The library automatically initializes STDOUT or GELF logger based on the presence of the KBC_LOGGER_PORT/HOST environment variables upon the CommonInterface initialization. To use the GELF logger just enable the logger for your application in the Developer Portal. More details about logging options are available in a dedicated article.

With either setting, you can log your messages using the logging library:

from keboola.component import CommonInterface
from datetime import datetime
import logging

# init the interface
ci = CommonInterface()

logging.info("Info message")

To fully leverage the benefits of the GELF logger such as outputting the Stack Trace into the log event detail (available by clicking on the log event) log exceptions using logger.exception(ex).

TIP: When the logger verbosity is set to verbose you may leverage extra fields to log the detailed message in the detail of the log event by adding extra fields to you messages:

logging.error(f'{error}. See log detail for full query. ',
                         extra={"failed_query": json.dumps(query)})

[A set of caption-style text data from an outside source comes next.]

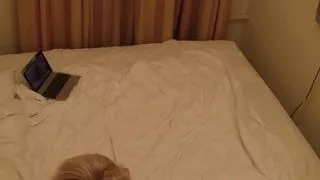 I caught my girl on tape rubbing one out while watching hardcore porn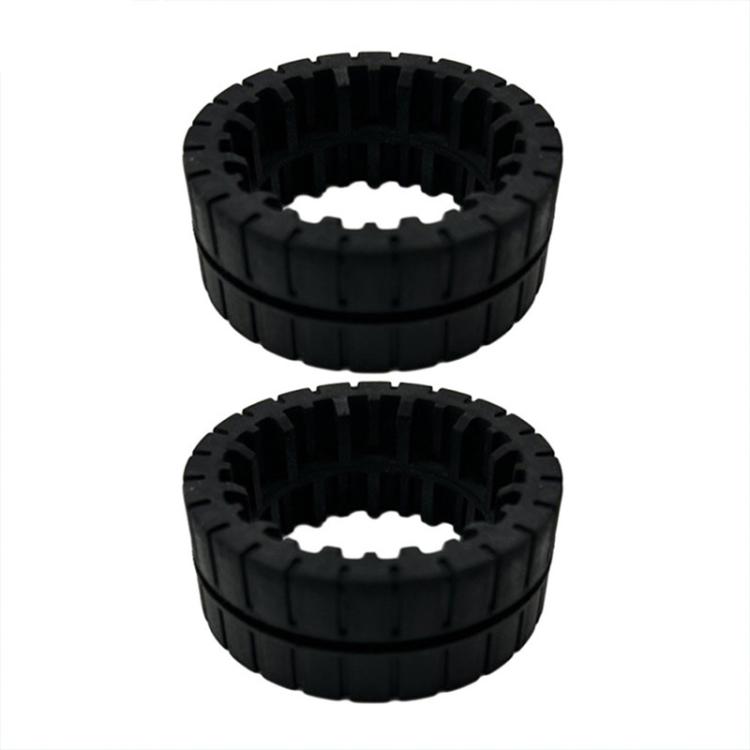 For IRobot Braava Jet M6 Sweeper Vacuum Cleaner Accessories, Style: 1pair Tires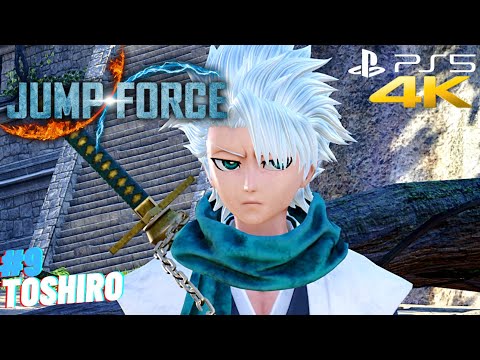 Toshiro - Jump Force Walkthrough Part 9 | PS5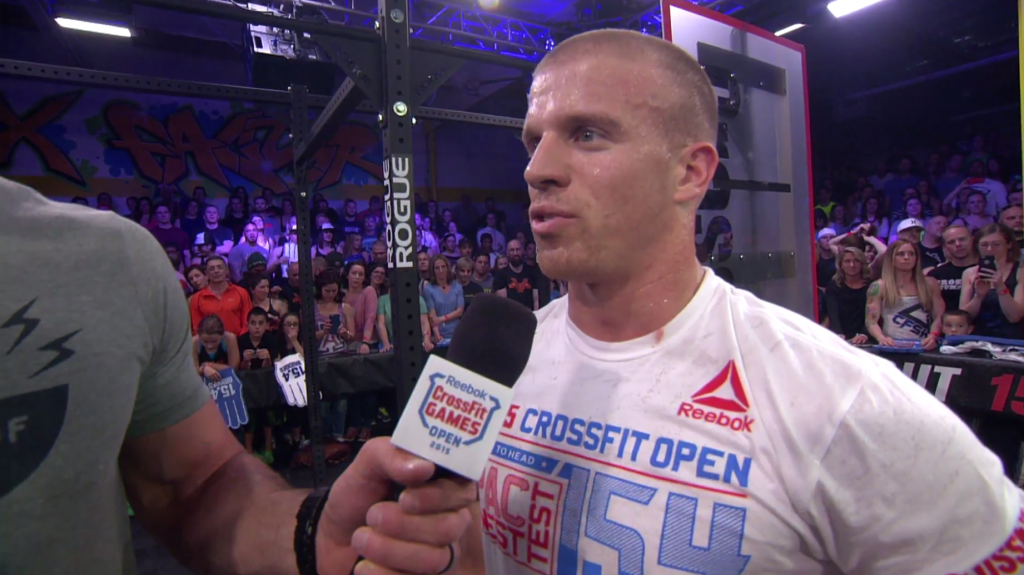 Panchilk defeats Bridges in 15.4 Panchik Defeats Bridges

If you use STDOUT logging note that in Python components, the output is buffered. The buffering may be switched off. The easiest solution is to run your script with the -u option: you would use CMD python -u ./main.py in your Dockerfile.

Error Handling

The following piece of code is a good entry point:

import my_component
import os
import sys
import traceback

try:
    datadir = os.environ.get('KBC_DATADIR') or '/data/'
    my_component.run(datadir)
except ValueError as err:
    print(err, file=sys.stderr)
    sys.exit(1)
except Exception as err:
    print(err, file=sys.stderr)
    traceback.print_exc(file=sys.stderr)
    sys.exit(2)

In this case, we consider everything derived from ValueError to be an error which should be shown to the end user. Every other error will lead to a generic message, and only developers will see the details. If you maintain that any user error is a ValueError, then whatever happens in the my_component.run will follow the general error handling rules. You can, of course, modify this logic to your liking.